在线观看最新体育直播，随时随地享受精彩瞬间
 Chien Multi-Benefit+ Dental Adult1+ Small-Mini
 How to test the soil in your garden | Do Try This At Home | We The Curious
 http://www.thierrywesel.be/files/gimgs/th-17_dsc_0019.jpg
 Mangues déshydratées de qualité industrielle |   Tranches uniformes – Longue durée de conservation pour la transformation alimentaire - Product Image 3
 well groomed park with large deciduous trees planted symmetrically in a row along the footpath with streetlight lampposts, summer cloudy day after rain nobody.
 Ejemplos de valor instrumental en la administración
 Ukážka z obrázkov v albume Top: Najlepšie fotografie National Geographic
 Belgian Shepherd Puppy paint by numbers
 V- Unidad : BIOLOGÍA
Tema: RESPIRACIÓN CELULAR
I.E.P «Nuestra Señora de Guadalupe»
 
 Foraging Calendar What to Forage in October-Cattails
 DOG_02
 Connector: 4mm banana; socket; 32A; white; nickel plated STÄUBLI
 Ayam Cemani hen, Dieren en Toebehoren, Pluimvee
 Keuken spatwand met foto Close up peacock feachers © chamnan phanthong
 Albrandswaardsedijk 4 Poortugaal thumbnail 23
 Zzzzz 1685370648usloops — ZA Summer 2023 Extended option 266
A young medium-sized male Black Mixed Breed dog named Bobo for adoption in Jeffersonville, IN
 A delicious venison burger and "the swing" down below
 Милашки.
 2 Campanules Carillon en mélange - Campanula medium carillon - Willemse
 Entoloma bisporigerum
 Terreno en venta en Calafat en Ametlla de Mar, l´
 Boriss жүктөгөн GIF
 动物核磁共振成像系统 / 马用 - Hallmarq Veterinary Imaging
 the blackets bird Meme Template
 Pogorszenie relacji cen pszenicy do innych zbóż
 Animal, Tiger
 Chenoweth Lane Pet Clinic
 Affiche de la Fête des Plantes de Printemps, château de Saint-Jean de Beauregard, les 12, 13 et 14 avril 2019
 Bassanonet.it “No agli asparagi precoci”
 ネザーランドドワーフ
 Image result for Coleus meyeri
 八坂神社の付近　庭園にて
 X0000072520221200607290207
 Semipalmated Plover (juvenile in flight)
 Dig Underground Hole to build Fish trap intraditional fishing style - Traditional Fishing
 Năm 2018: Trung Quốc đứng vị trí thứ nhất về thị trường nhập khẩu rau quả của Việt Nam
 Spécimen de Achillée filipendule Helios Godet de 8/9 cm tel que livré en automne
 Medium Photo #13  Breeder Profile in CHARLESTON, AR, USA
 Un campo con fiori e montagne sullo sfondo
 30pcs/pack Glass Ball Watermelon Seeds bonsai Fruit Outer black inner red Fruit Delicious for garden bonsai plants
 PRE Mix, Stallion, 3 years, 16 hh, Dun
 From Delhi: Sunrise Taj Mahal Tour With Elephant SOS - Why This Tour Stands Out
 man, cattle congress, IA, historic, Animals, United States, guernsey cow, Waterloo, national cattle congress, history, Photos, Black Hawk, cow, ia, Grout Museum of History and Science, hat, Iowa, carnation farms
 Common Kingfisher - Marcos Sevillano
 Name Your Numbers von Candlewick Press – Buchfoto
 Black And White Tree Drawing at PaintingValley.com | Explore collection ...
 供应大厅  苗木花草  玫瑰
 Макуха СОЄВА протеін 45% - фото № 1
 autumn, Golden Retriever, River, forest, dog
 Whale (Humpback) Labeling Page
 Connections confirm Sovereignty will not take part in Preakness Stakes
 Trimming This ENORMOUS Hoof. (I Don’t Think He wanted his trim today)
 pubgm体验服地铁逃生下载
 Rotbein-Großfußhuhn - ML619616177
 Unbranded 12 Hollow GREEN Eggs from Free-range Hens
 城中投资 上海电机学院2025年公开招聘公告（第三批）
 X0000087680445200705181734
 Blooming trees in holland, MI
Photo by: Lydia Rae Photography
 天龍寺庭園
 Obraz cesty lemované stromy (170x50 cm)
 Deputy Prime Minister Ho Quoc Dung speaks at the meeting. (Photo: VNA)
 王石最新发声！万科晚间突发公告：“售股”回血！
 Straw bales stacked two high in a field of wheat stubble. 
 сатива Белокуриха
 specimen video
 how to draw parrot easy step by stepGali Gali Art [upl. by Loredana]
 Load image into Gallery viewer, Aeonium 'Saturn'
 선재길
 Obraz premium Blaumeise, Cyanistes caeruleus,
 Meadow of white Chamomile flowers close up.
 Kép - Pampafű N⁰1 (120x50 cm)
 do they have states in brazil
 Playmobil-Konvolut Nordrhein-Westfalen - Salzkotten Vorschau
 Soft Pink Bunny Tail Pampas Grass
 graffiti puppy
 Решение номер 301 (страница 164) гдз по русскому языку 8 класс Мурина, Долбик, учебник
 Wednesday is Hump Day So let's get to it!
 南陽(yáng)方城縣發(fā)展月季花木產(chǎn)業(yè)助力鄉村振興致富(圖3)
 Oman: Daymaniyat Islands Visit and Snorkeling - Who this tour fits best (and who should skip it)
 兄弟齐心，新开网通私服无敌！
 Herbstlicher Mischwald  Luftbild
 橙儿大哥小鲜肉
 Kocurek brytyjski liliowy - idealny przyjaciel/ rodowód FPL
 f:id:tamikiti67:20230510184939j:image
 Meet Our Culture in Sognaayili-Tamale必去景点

Problem details: Exactly the lines from the line holding "graffiti puppy" through the close of the listing above make up the answer; include nothing else.

Answer to the problem:
 graffiti puppy
 Решение номер 301 (страница 164) гдз по русскому языку 8 класс Мурина, Долбик, учебник
 Wednesday is Hump Day So let's get to it!
 南陽(yáng)方城縣發(fā)展月季花木產(chǎn)業(yè)助力鄉村振興致富(圖3)
 Oman: Daymaniyat Islands Visit and Snorkeling - Who this tour fits best (and who should skip it)
 兄弟齐心，新开网通私服无敌！
 Herbstlicher Mischwald  Luftbild
 橙儿大哥小鲜肉
 Kocurek brytyjski liliowy - idealny przyjaciel/ rodowód FPL
 f:id:tamikiti67:20230510184939j:image
 Meet Our Culture in Sognaayili-Tamale必去景点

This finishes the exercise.